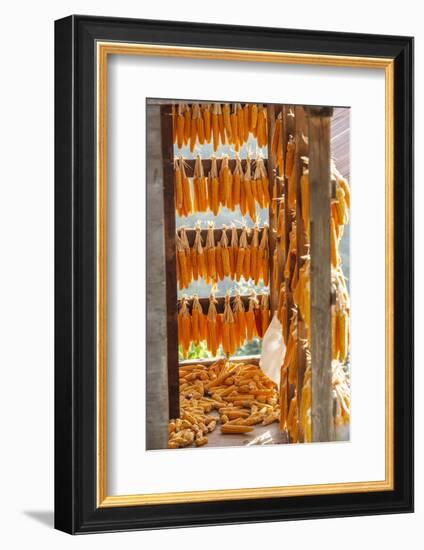 Corn Hung to Dry, Rize, Black Sea Region of Turkey-Ali Kabas-Framed Photographic Print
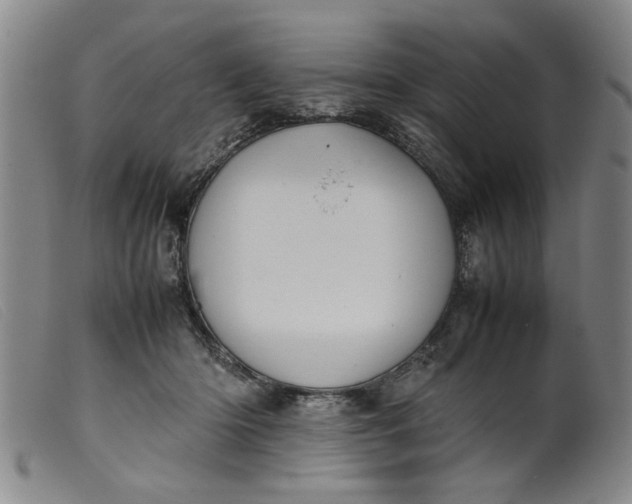 X0000099410414200805231609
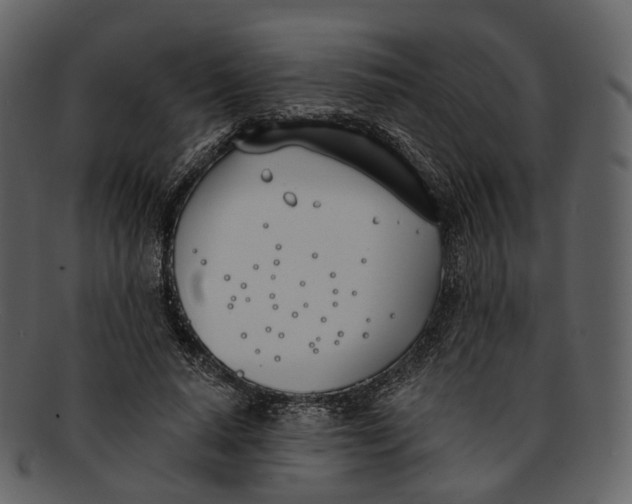 X0000093090640200710171139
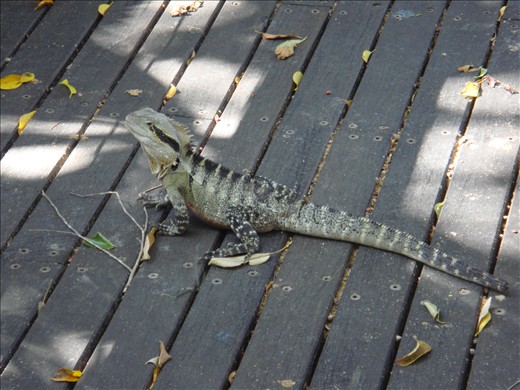 Bearded Dragon @ South Bank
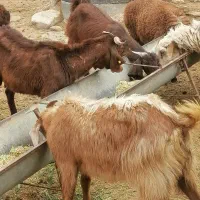 3 راس بز شیری فروشی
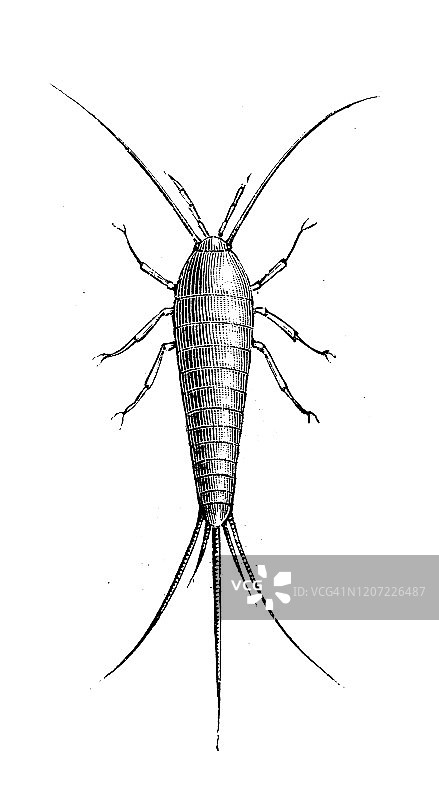 银鱼（Lepisma saccharina）古董动物插画图片素材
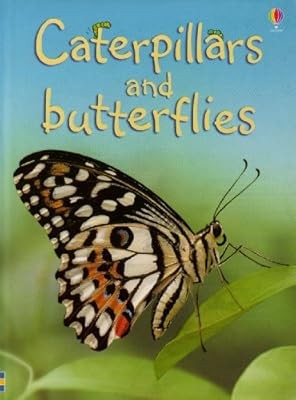 Caterpillars and Butterflies (Beginners), Stephanie Turnbull, Used; Good Book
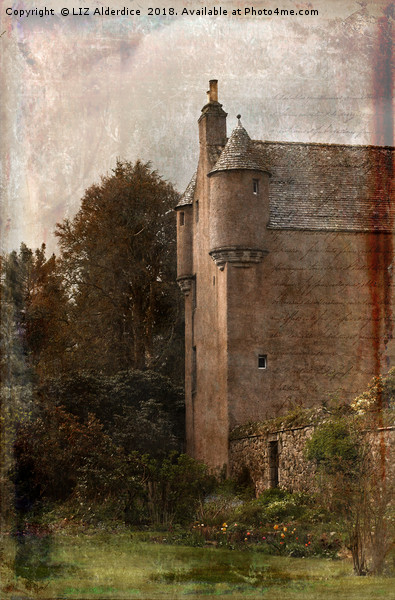 Fairytale Castle Picture Board by LIZ Alderdice
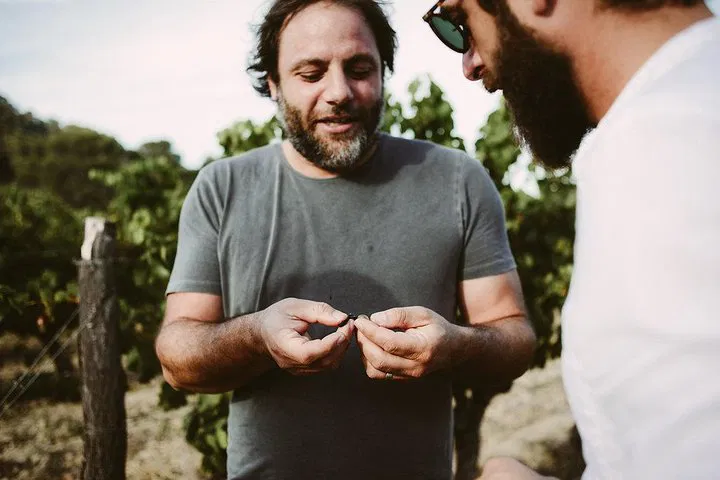 Pic Saint Loup Wine & Food Tour with Local Expert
=-=-=
**Directions**
No picture is to be included when the lines from the one containing "X0000099410414200805231609" through the end of the material above are output exactly; nothing else is written.

**Solution to this exercise**
 X0000099410414200805231609
 X0000093090640200710171139
 Bearded Dragon @ South Bank
 3 راس بز شیری فروشی
 银鱼（Lepisma saccharina）古董动物插画图片素材
 Caterpillars and Butterflies (Beginners), Stephanie Turnbull, Used; Good Book
 Fairytale Castle Picture Board by LIZ Alderdice
 Pic Saint Loup Wine & Food Tour with Local Expert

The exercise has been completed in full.